Community services — cottage hospitals, district nurses, occupational therapists — are the invisible glue holding up the edifice. But the obsession with the numbers of hospital nurses and doctors — which the government has kept increasing — means that little attention has been paid to the virtual halving in expert local nurses in a decade.
Money follows power. And power lies with the chief executives who run the big hospitals. Outside Northumbria and Salford, few hospital trusts run community services, so they don’t have an immediate financial interest in supporting them.
To bridge these divides, governments have spawned endless agencies: clinical commissioning groups, primary care trusts, Healthwatch. They have tried to limit monopoly power. But in our desire to avoid monopolies we have ended up with a bureaucracy in which the payments made by different health fiefdoms to each other cost anywhere between 4% and 14% (depending on whom you talk to) of the entire NHS budget.
I have observed the NHS for more than 10 years: as a journalist, as a non-executive director of the NHS regulator Care Quality Commission, as a patient and relative, and as head of David Cameron’s policy unit in No 10. Unlike many patients, I have a map. Yet like many patients, I can still feel lost. There are more job titles in the NHS than in many multinational corporations — some of them jobs that exist simply to tie together the disparate pieces.
What if we really had one truly unified national medical system?
What if GPs were based in hospitals with access to CT scanners, instead of having to write a letter to a consultant asking for a test in four weeks’ time?
What if hospitals ran community services, so they could see the need to hire district nurses? What if patients could go to one place, tell one story, and see the pharmacist at the same time?
Until we have one united medical system, we will have to rely on “goodwill” alone. But “goodwill” soaks up enormous amounts of time. I meet brilliant doctors and nurses, who seem to spend half their time in well-meaning committees.
What strikes me is how many NHS leaders are trying to bridge divides. The GPs who have persuaded hospitals to let them open clinics in A&E. The heads of hospital trusts, in places such as Northumbria and Greater Manchester, who are taking over GP practices and community services.
Simon Stevens, the NHS England chief executive, is encouraging this. But he needs to be more prescriptive. Every A&E should have a GP surgery with proper diagnostic equipment. All GPs should be salaried (half already are). Hospitals should run community services.

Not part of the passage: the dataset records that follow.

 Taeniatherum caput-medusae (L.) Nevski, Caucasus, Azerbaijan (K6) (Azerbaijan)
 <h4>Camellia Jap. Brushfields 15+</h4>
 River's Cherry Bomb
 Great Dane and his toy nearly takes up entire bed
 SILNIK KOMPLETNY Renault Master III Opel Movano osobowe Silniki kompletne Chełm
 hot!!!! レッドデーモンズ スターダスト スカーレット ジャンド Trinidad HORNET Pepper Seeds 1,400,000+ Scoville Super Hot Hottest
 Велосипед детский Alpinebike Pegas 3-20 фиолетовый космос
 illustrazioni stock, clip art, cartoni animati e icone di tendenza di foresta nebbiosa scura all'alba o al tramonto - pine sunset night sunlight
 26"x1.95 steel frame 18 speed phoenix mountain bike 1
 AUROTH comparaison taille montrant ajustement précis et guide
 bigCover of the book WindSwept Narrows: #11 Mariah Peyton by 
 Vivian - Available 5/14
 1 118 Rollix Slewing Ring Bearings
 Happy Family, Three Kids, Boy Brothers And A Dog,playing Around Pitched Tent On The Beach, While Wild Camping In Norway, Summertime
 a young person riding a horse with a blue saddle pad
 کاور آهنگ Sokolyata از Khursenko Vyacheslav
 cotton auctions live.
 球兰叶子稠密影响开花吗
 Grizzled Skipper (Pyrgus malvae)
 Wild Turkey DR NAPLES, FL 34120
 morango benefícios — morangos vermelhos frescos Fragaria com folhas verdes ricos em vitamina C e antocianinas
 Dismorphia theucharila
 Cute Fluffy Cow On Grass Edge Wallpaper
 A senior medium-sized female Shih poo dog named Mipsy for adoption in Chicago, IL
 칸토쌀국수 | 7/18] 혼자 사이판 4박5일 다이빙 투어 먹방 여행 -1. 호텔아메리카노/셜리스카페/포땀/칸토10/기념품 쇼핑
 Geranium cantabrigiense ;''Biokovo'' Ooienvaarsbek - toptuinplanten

Some readers will worry I am proposing some kind of Stalinist NHS that would hold taxpayers to ransom. Perhaps I am; but the current system isn’t working. Others may think I am just shuffling deckchairs, when what is needed is cold hard cash. I agree more cash is needed. But it is not just about making economies, real or false. As Professor Sir Mike Richards, the cancer expert and former chief inspector of hospitals, is fond of saying: “The cheapest way to look after a patient is to diagnose them the day before they die.”
Whatever happens this winter, I do believe the NHS needs more money. But I would pay it to those who can create a unified medical system. One system that doesn’t pay people to ask you the same questions again and again, but treats you early and gets you out of hospital because it works off one budget. One system, which means that none of us ever need to be lost in the NHS without a map, ever again.